In case you’re in a rush and don’t want to spend a half-hour watching the whole thing through, here’s what Hitch had to say:
In order to be a Christian, you have to believe that for ninety-eight thousand years, our species suffered and died – most of its children dying in childbirth, most other people having a life expectancy of about twenty-five, famine, struggle, war, suffering, misery – all of that for ninety-eight thousand years, Heaven watches it with complete indifference…
And then two thousand years ago thinks: that’s enough of that, it’s time to intervene, and the best way to do this would be by condemning someone to a human sacrifice somewhere in the less literate parts of the Middle East. Don’t let’s appear to the Chinese, for example, where people can read and study evidence and have a civilisation, let’s go to the desert and have another revelation there.
This is nonsense, it can’t be believed by a thinking person.
Why am I glad this is the case? To get to the point of the wrongness, in the other sense, of Christianity. Because I think the teachings of Christianity are immoral, and the central one is the most immoral of all, that is the one of vicarious redemption: you can throw your sins onto somebody else, vulgarly known as scapegoating – in fact originating as scapegoating in the same area, the same desert.
I can pay your debt, if I love you. I can serve your term in prison, if I love you very much, I can volunteer to do that. I can’t take your sins away, because I can’t abolish your responsibility and I shouldn’t offer to do so. Your responsibility has to stay with you. There is no vicarious redemption. There very probably, in fact, is no redemption at all, it’s just a part of wish-thinking, and I don’t think wish-thinking is good for people either.
It even manages to pollute the central question, the word I just employed, the most important word of all, the word “love”, by making love compulsory, by saying you must love. You must love your neighbour as yourself, something you can’t actually do, but will always fall short, so you will always be found guilty. By saying you must love someone who you also must fear, that is to say a supreme being, an eternal father, someone of whom you must be afraid but you must love him too, and if you fail in this duty you are, again, a wretched sinner.

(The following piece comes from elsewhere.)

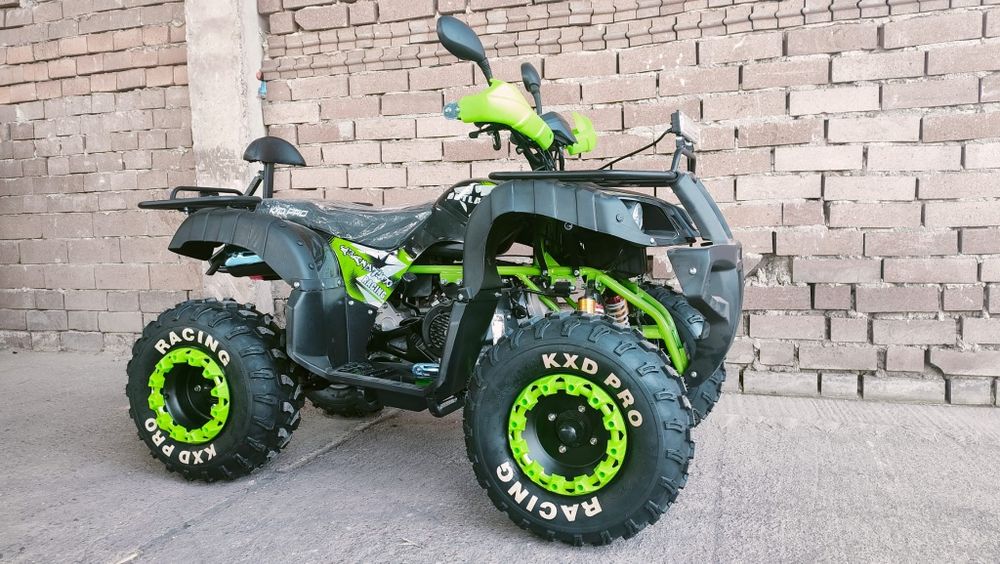 ATV 200cc outlander de la KXD nou cu garanție și livrare in toată țara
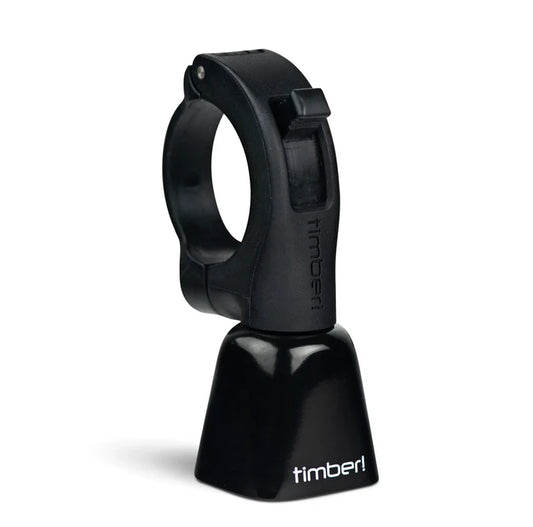 Bolt-on Mountain Bike Bell - Model Yew!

This is not mentally or morally or intellectually healthy, and that brings me to the final objection, and I’ll condense it, which is that this is a totalitarian system.
If there was a god who could do these things and demand these things of us, and was eternal and unchanging, we would be living under a dictatorship from which there was no appeal, and one that could never change, and one that knows our thoughts and can convict us of thought-crime and condemn us to eternal punishment for actions that we are condemned in advance to be taking.
All this in the round – and I could say more – it’s an excellent thing that there is absolutely no reason to believe any of it to be true.